(Records from a collection)
== Segment start ==
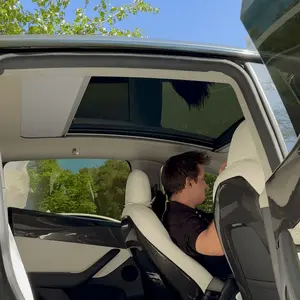 2020-2024 | Model Y Retractable Sunroof Sunshade - Heat Reducing & Light Diffusing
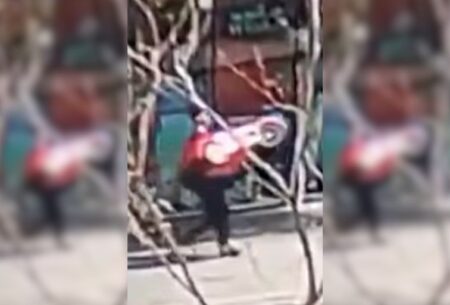 Homem furta 'Mercedes' de R$ 3,5 mil de loja na Savassi, em BH - Foto: Reprodução/Câmera de segurança
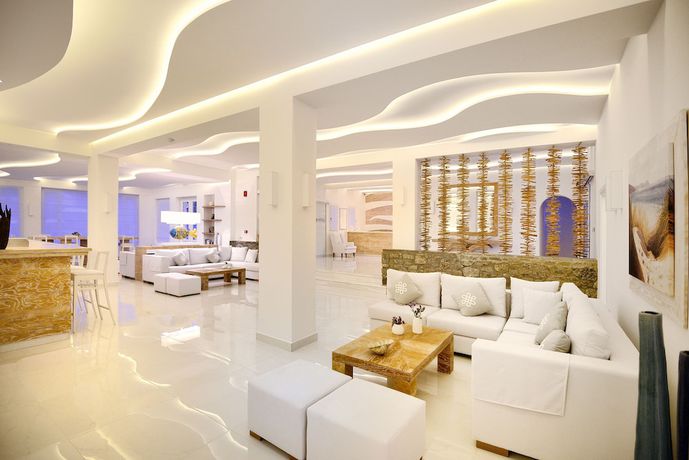 Imagen de los interiores del Hotel Petinos. Foto 17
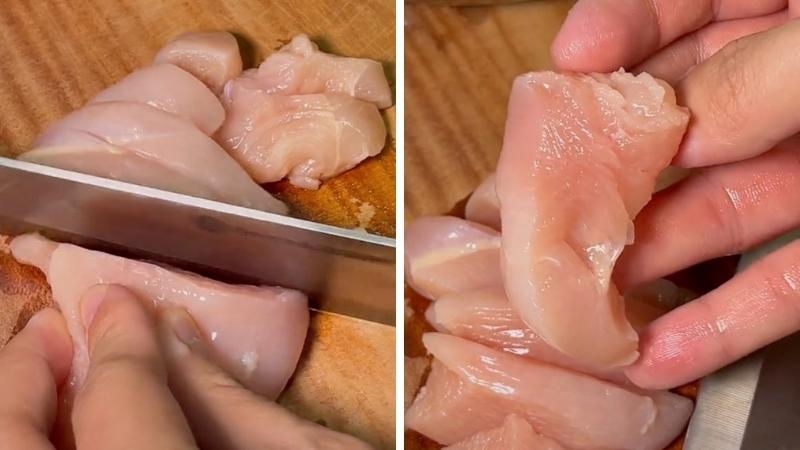 Thái thịt gà thành từng miếng nhỏ
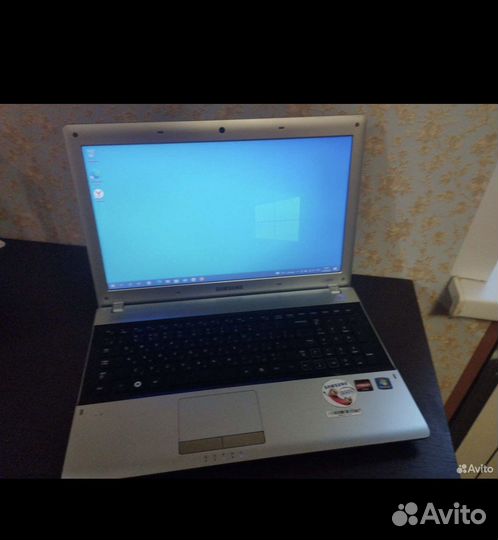 Ноутбук Samsung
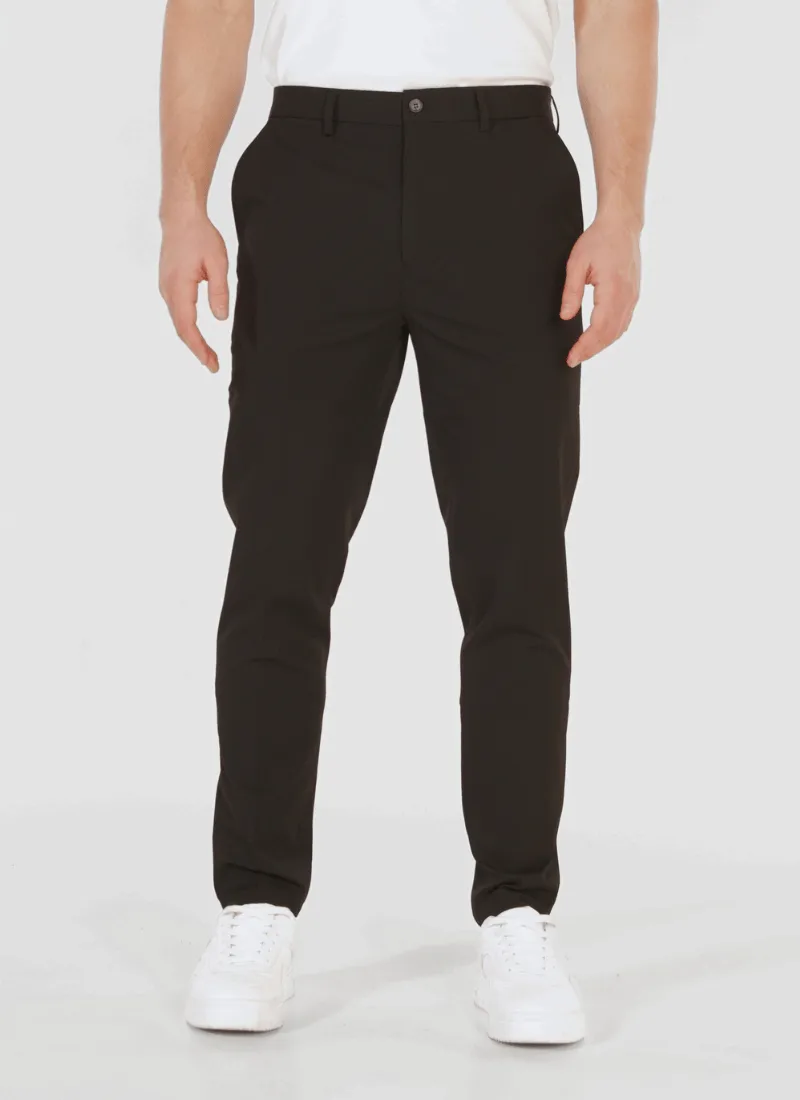 Lightweight tapered trousers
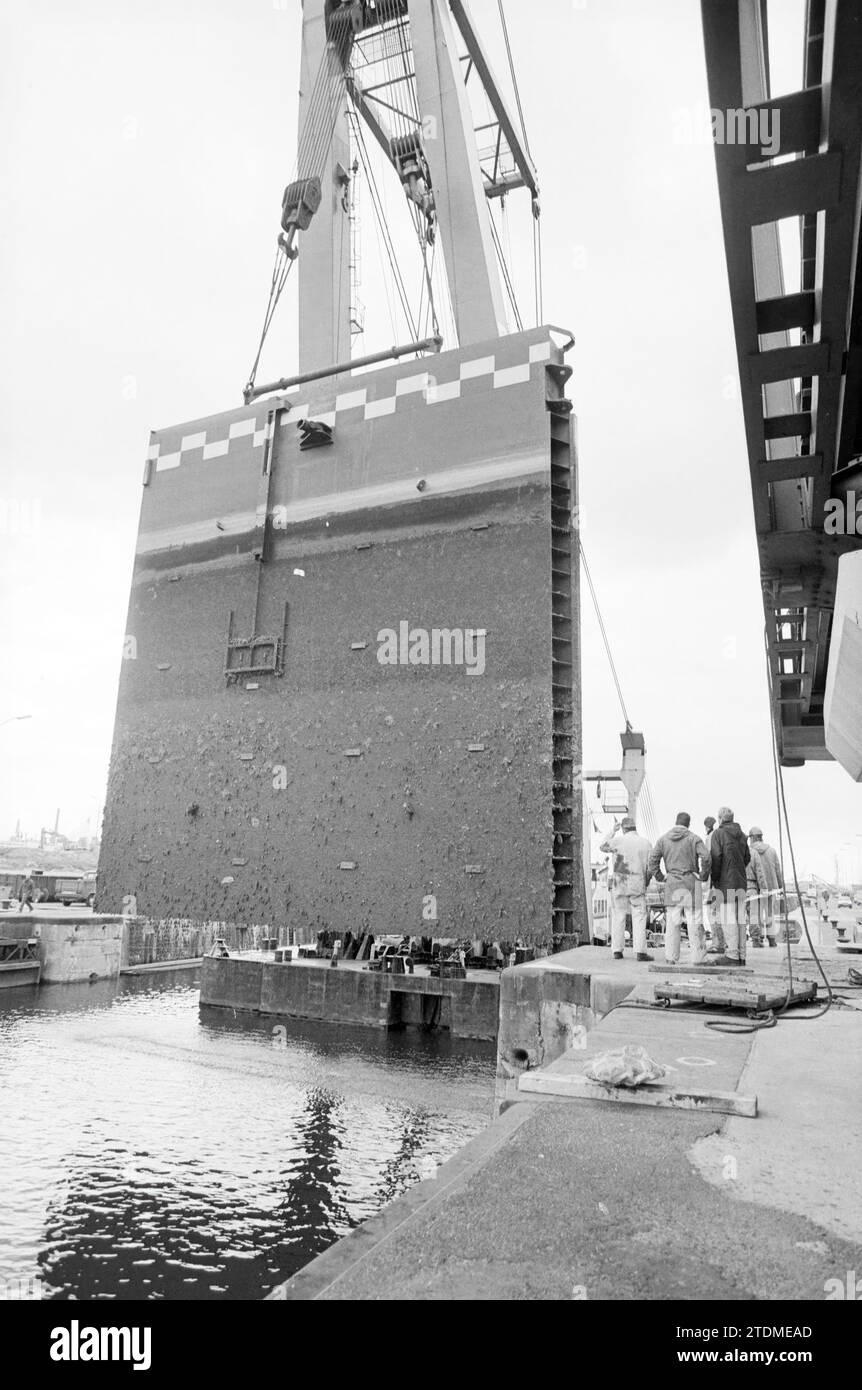 Smantellamento della serratura al centro della serratura, IJmuiden, IJmuiden, Paesi Bassi, 29-05-1994, Whizgle News dal passato, su misura per il futuro. Esplora le narrazioni storiche, l'immagine dell'agenzia olandese olandese con una prospettiva moderna, colmando il divario tra gli eventi di ieri e quelli di domani. Un viaggio senza tempo che delinea le storie che plasmano il nostro futuro Foto Stock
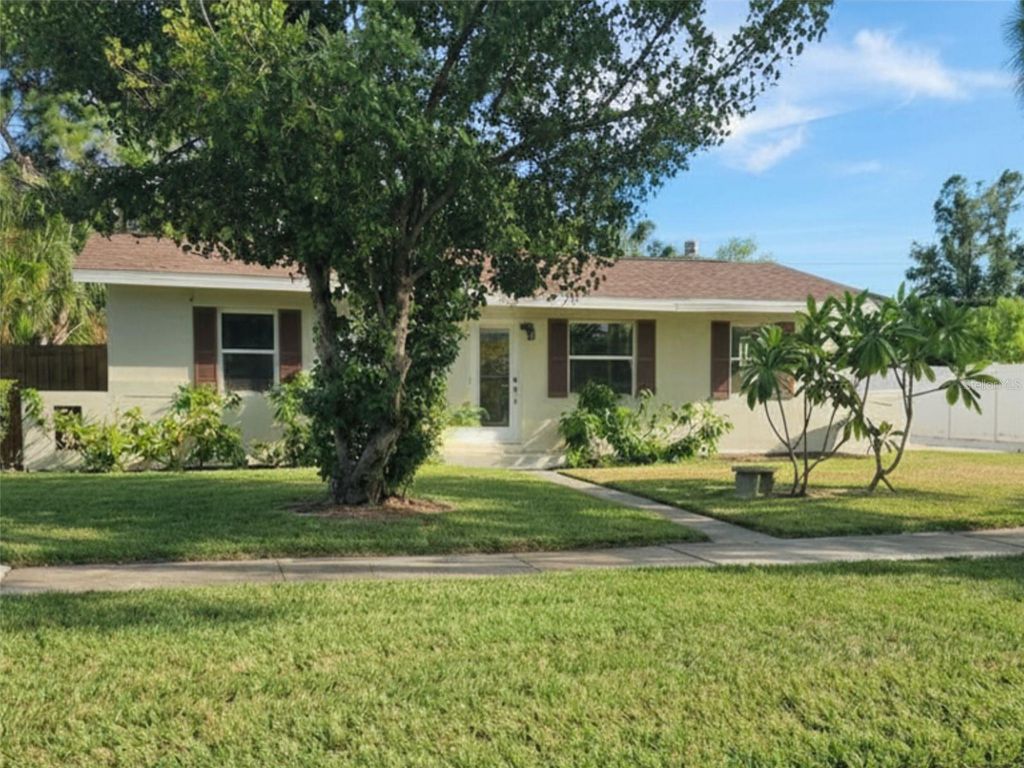 870 86TH AVENUE N, St Petersburg, FL 33702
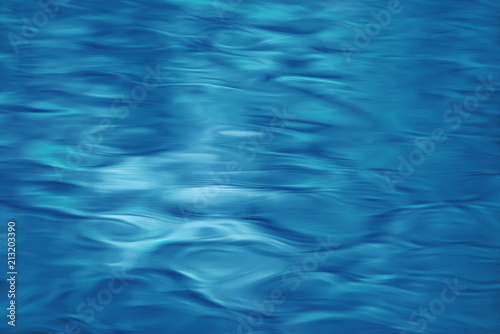 Wasser als Hintergrund ist blau, glatt und beruhigend © photobars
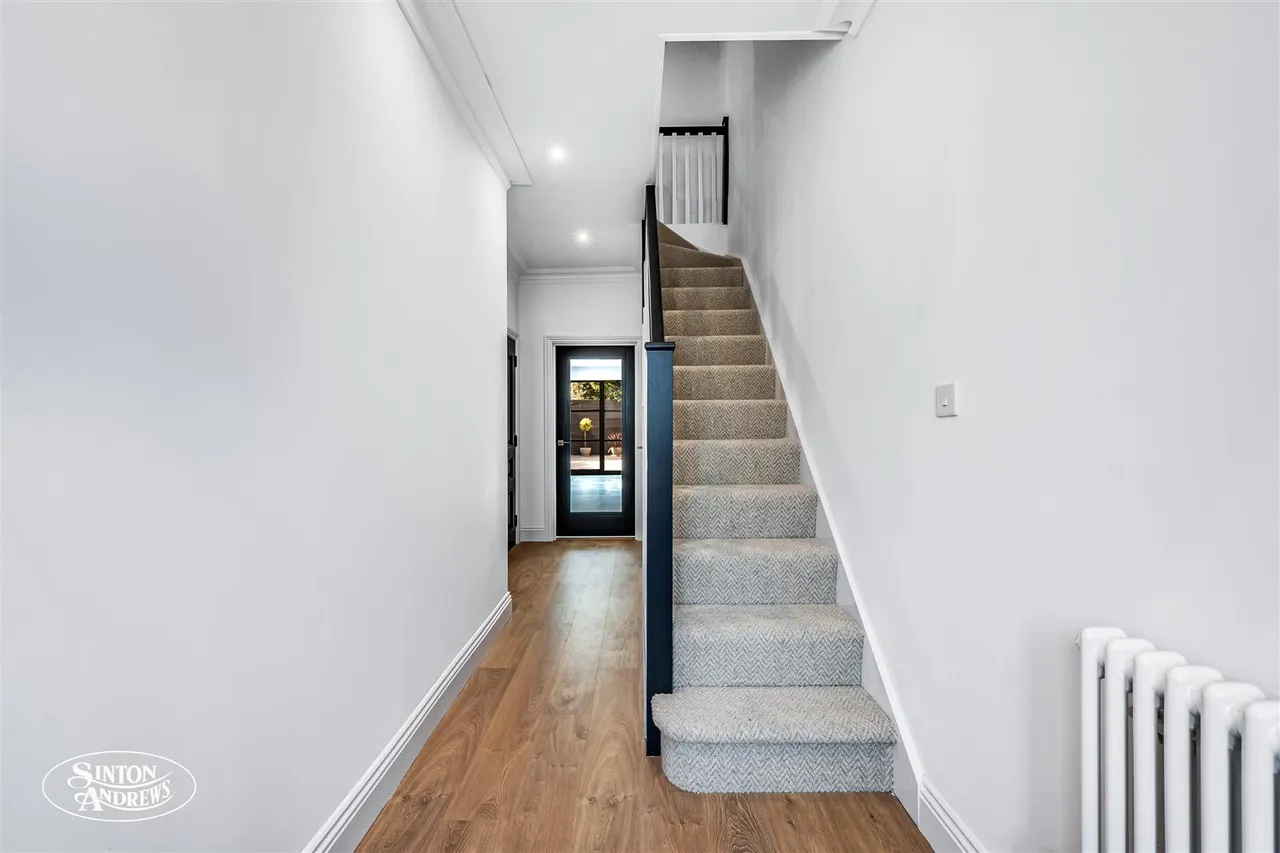 Claygate Road, Northfields, photo 4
== Segment end ==
Work instruction — Copy the records exactly, minus any pictures.

Your response —
 2020-2024 | Model Y Retractable Sunroof Sunshade - Heat Reducing & Light Diffusing
 Homem furta 'Mercedes' de R$ 3,5 mil de loja na Savassi, em BH - Foto: Reprodução/Câmera de segurança
 Imagen de los interiores del Hotel Petinos. Foto 17
 Thái thịt gà thành từng miếng nhỏ
 Ноутбук Samsung
 Lightweight tapered trousers
 Smantellamento della serratura al centro della serratura, IJmuiden, IJmuiden, Paesi Bassi, 29-05-1994, Whizgle News dal passato, su misura per il futuro. Esplora le narrazioni storiche, l'immagine dell'agenzia olandese olandese con una prospettiva moderna, colmando il divario tra gli eventi di ieri e quelli di domani. Un viaggio senza tempo che delinea le storie che plasmano il nostro futuro Foto Stock
 870 86TH AVENUE N, St Petersburg, FL 33702
 Wasser als Hintergrund ist blau, glatt und beruhigend © photobars
 Claygate Road, Northfields, photo 4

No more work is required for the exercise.